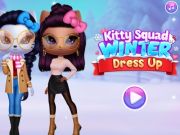 Juego Escuadrón de kitty Vestido de invierno  en línea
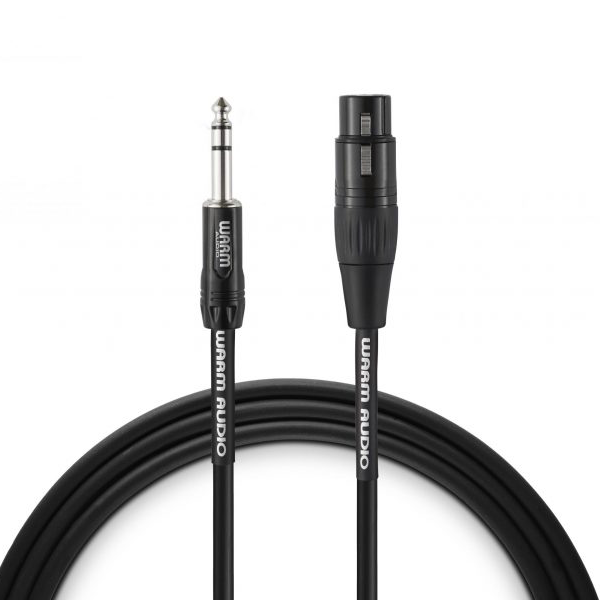 Warm Audio Pro Silver XLR Female to TRS Male Cable - 3-foot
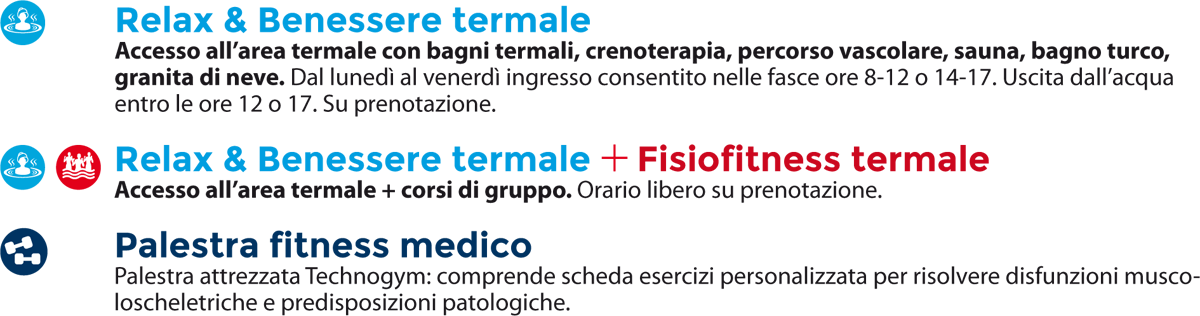 abbonamenti terme e palestra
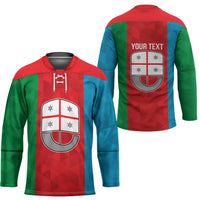 Personalized Italy Liguria Hockey Jersey Inspiration Flags Style - Wonder Print Shop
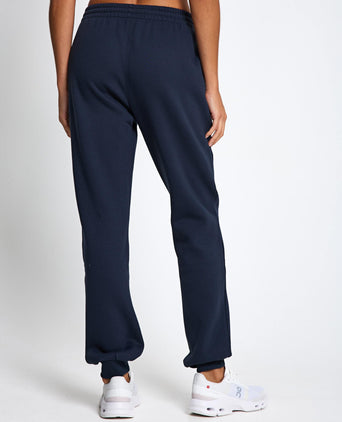 Millie Slim Fleece Track Pant - Navy Blue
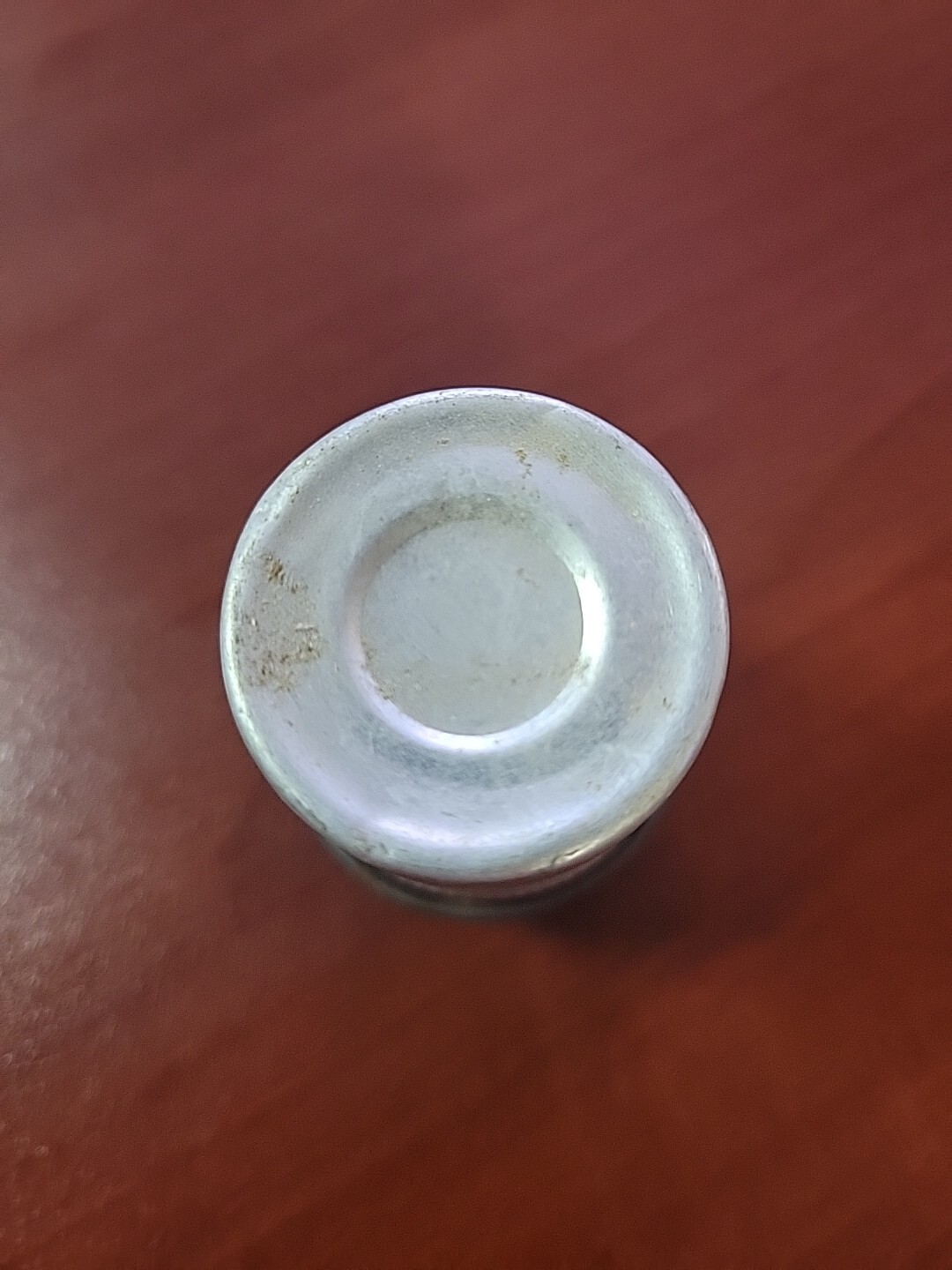 Vintage 35mm Aluminum Film Canister Unbranded W/Metal Top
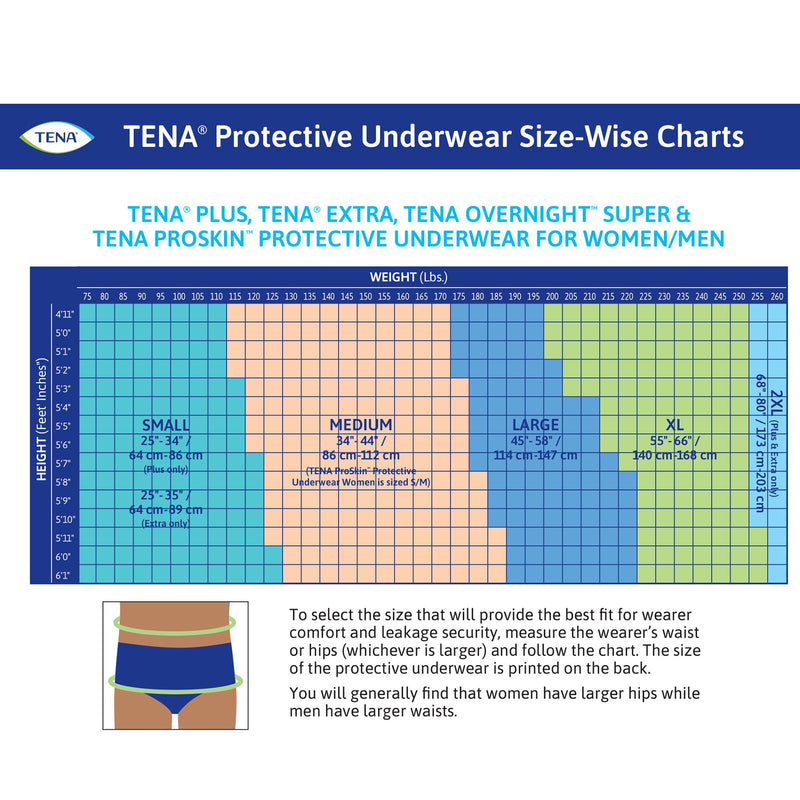 TENA® ProSkin™ Plus Fully Breathable Absorbent Underwear, X-Large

§ §

The whole listing above is to be printed exactly; the pictures stay out.

 Juego Escuadrón de kitty Vestido de invierno  en línea
 Warm Audio Pro Silver XLR Female to TRS Male Cable - 3-foot
 abbonamenti terme e palestra
 Personalized Italy Liguria Hockey Jersey Inspiration Flags Style - Wonder Print Shop
 Millie Slim Fleece Track Pant - Navy Blue
 Vintage 35mm Aluminum Film Canister Unbranded W/Metal Top
 TENA® ProSkin™ Plus Fully Breathable Absorbent Underwear, X-Large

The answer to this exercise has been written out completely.